Au départ frileux, les procureurs donnaient la plupart du temps un avis défavorable, tandis que les juges aux affaires familiales apparaissaient mal à l’aise avec cette mesure hybride. Et pour cause : celle-ci relève à la fois du droit civil et du droit pénal. De fait, les victimes de violences conjugales devaient se trouver dans une situation très grave pour obtenir le bénéfice de cette protection.
Par ailleurs, l’ordonnance de protection était critiquée.
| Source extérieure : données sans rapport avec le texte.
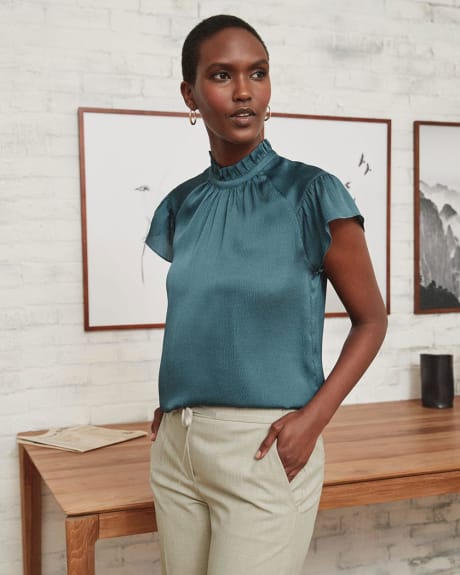 Popover Mock-Neck Blouse with Ruffled Short Sleeves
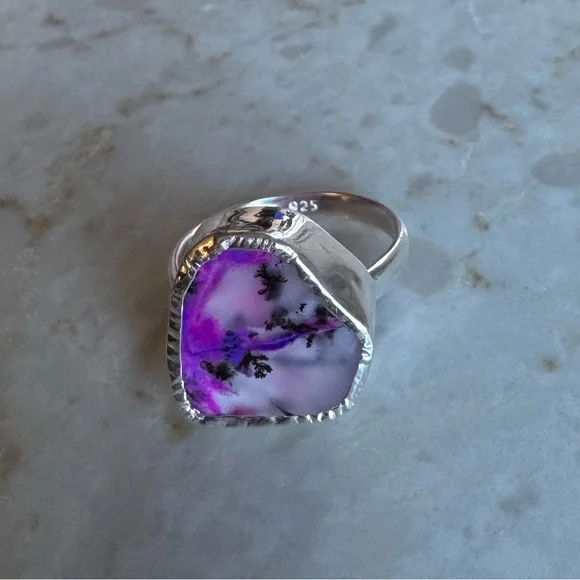 NWOT Sundance Violet Watercolor Ring, Dendritic Opal, Sterling Silver - Picture 5 of 8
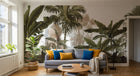 Design L0093 — Papier peint Jungle vintage palmiers et pagode — Novomur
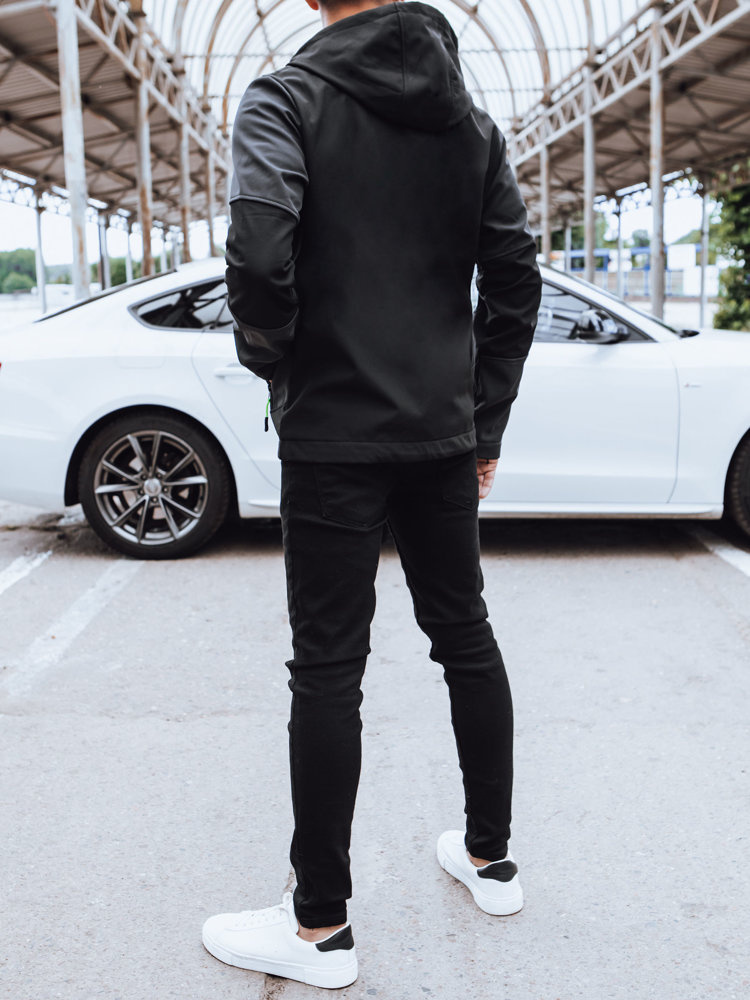 Softshell męski z kapturem czarny Dstreet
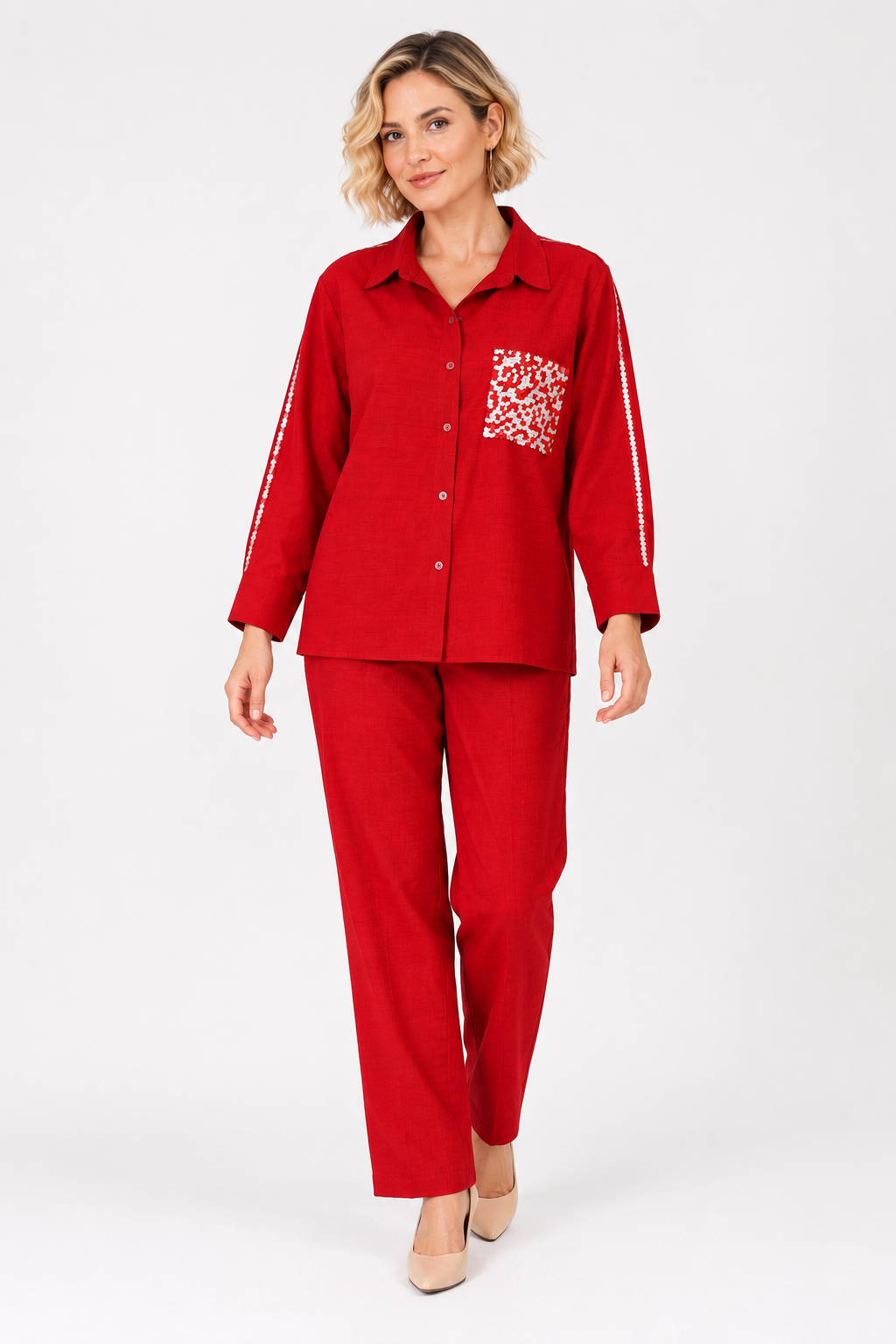 Cherry Red Hand-Embroidered Co-ord Set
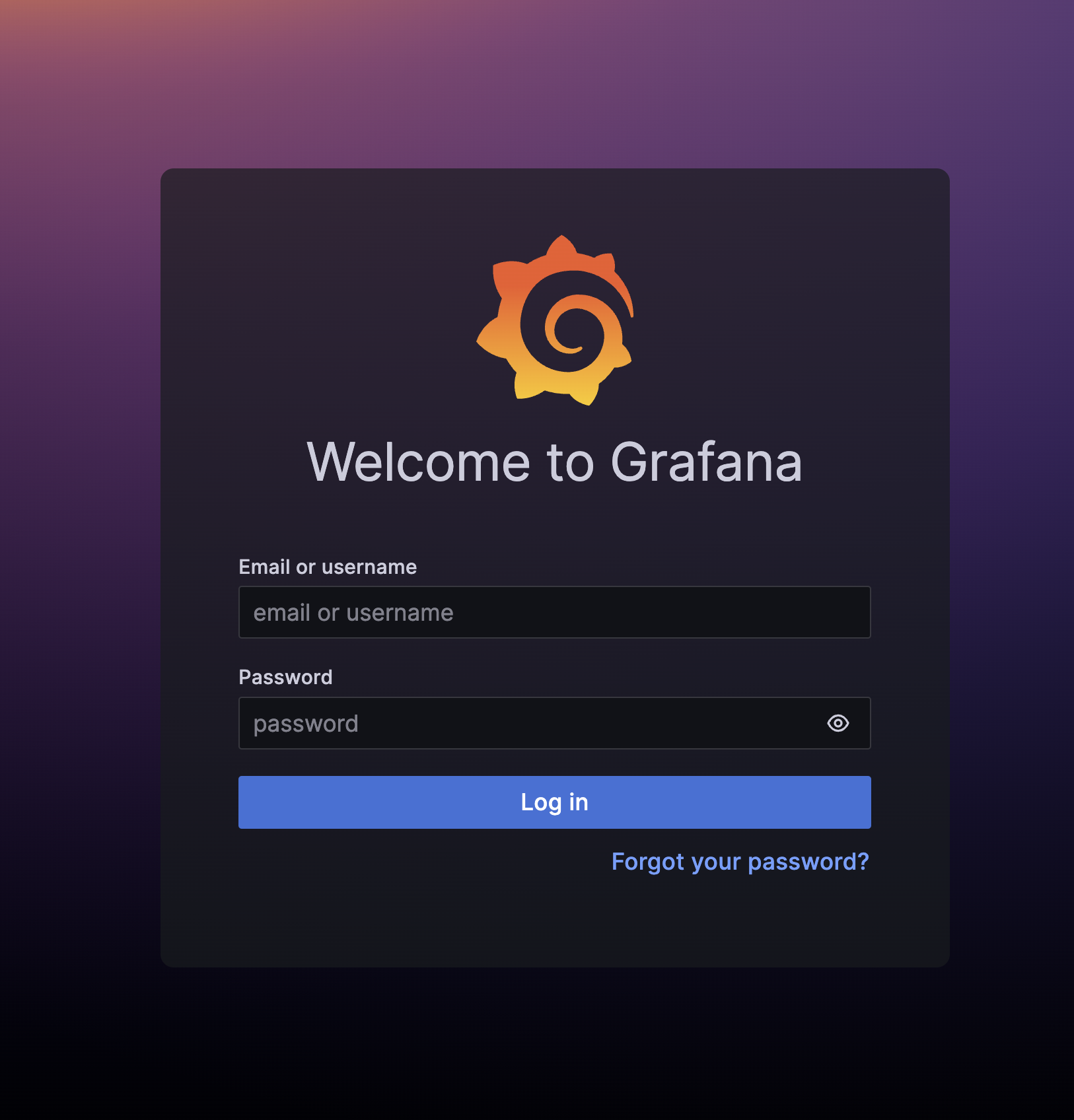 Grafana login page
Pour beaucoup, ce dispositif portait atteinte à la présomption d’innocence puisque, pour l’obtenir, il suffisait que les violences soient vraisemblables.
Aux réformes récentes
À partir de 2019, le mot “féminicide” commence à se généraliser. La presse s’en sert pour évoquer les violences conjugales entraînant le décès de la femme victime. Or, ceci n’est pas une infraction car ce terme n’existe pas en droit. De plus, il ne figure nulle part dans le code pénal. En parallèle, les débuts du premier mandat d’Emmanuel Macron sont marqués par la volonté de ce dernier de faire de la lutte contre les violences à l’égard des femmes une grande cause du quinquennat.
C’est ainsi qu’un nouveau projet de loi est présenté visant à agir contre les violences intra-familiales. L’ordonnance de protection est réformée par la loi du 28 décembre 2019 et par un certain nombre de décrets. Puis par la loi du 24 janvier 2022. Les faits divers médiatisés expliquent en partie cette réforme et sans doute aussi la pression politique et “sociétale” du mouvement #MeToo. Ce dernier a permis de libérer la parole des femmes et d’exiger que ces dernières soient entendues.
Ordonnance de protection : une question de temporalité et d’équilibre
L’article 515-11 du Code civil sur les conditions de mise en œuvre de l’ordonnance de protection est modifié. L’objectif consiste à accroître la rapidité de la mise en œuvre de la protection pour éviter les drames. Un tel principe de précaution est louable à condition cependant qu’il ne remette pas en cause les droits de la défense.
Or, la nouvelle ordonnance de protection confond rapidité et précipitation. Le juge aux affaires familiales doit délivrer l’ordonnance de protection dans un délai de six jours à compter de la fixation de la date de l’audience. Toute la procédure est donc condensée sur un laps de temps très court. Conséquence : cela laisse peu de jours au défendeur pour préparer sa défense.
Partage d’expérience
Par exemple, j’ai eu le cas d’une cliente dont le mari avait organisé minutieusement un dossier à son encontre avant d’aller déposer plainte pour violences conjugales et violences à l’égard de leur enfant. Il avait ensuite déposé auprès du juge aux affaires familiales une demande d’ordonnance de protection.
Ma cliente n’a pas eu matériellement le temps d’organiser sa défense et de contrer les accusations fallacieuses de son époux. L’audience s’est tenue sans elle, faute d’avoir eu connaissance de la procédure à temps. Puis une ordonnance de protection a été rendue contre elle. Les conséquences sont très graves. Elle n’a pas revu son fils depuis plus d’un an et sera jugée prochainement devant le Tribunal correctionnel.